Fañas’ case illustrates the peril of early deals not coming to fruition. Because teams work out deals so far in advance, the amount of unaccounted money in other teams’ bonus pools for the January 2021 signing period was minimal. Rather than signing for a lower bonus amount, Fañas waited until this year to sign and didn’t debut for the Mets’ Dominican Summer League affiliate until he was 18.
His talent left him fortunate enough to recover most of his expected bonus. Many players who don’t sign at 16, though, are often disregarded by teams, seen as being too old, even at 17. Others, who seek loans upon coming to an agreement with teams, can find themselves in hazardous financial situations, owing significantly more money than they borrowed if deals are broken.
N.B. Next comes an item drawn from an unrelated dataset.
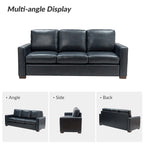 Ernando 83.46 Wide Genuine Leather Sofa with Squared Arms and Pillows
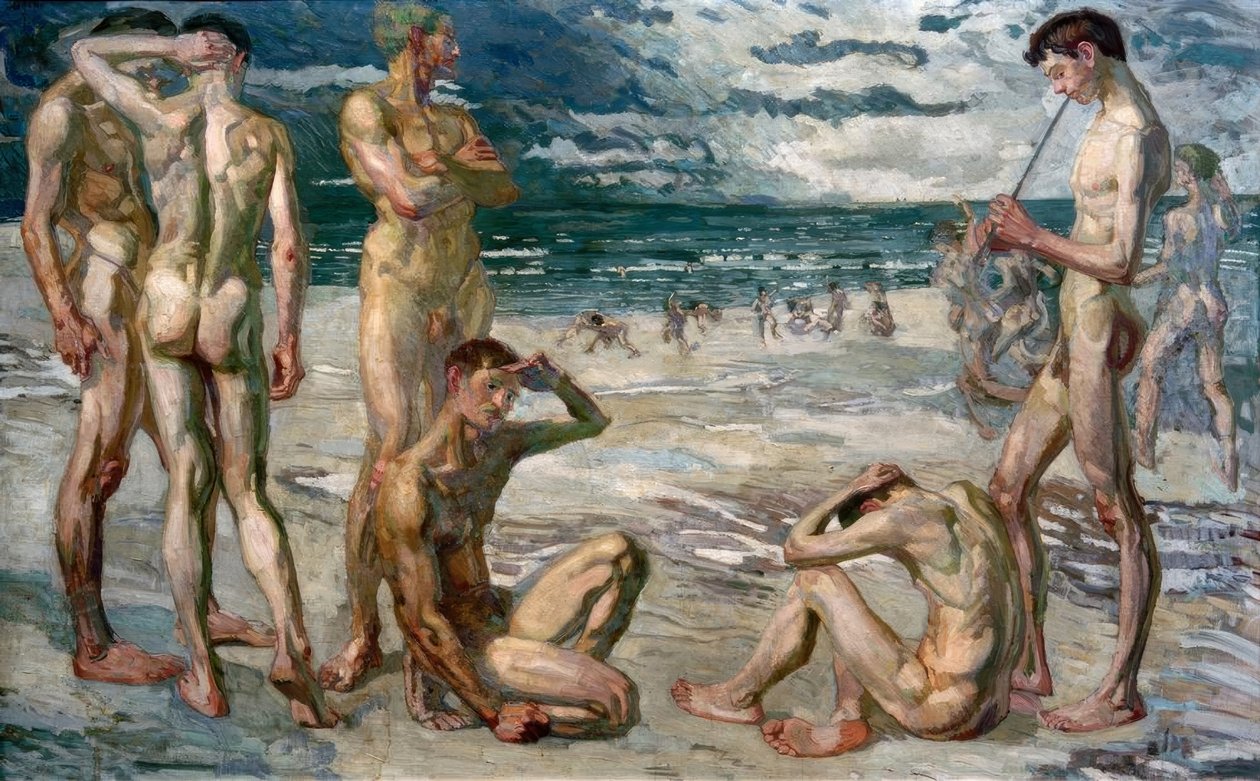 Deniz kenarında genç erkekler by Max Beckmann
Despite an official signing age of 16, MLB has not sought to limit early deals, opting instead to pursue a draft that the league believes would stop them. The increase in teams backing out of early deals prompted Ulises Cabrera, who represented Fañas and Pavon through the Dominican Prospect League he helped found, to explore potential legal remedies.
“If everybody does the right thing, then none of this is an issue,” Cabrera said. “If the players hold on to their end of the bargain and do what they’re supposed to do, there’s no issue. If the teams do what they’re supposed to do, there’s no issue. The issue becomes when one of the stakeholders in the mix, whether it be a player using steroids or using false documents and does something wrong — that’s an issue. Whether it’s a trainer who’s injecting steroids into a player and doing things to fudge the perception of how good the player is, or if it’s a team doing tricks to back out of deals or to do side deals. Whenever someone is doing something that should not be done, then we have an issue.
“… There is no accountability across the board for anybody, in effect, any of the stakeholders in this space. MLB doesn’t enforce anything. They don’t hold their teams accountable. The teams don’t hold their scouts accountable. Everybody throws their hands up — it’s the wild, wild West — when it’s convenient. I think our hope with this is that there needs to be some type of consequence for people doing the wrong thing.”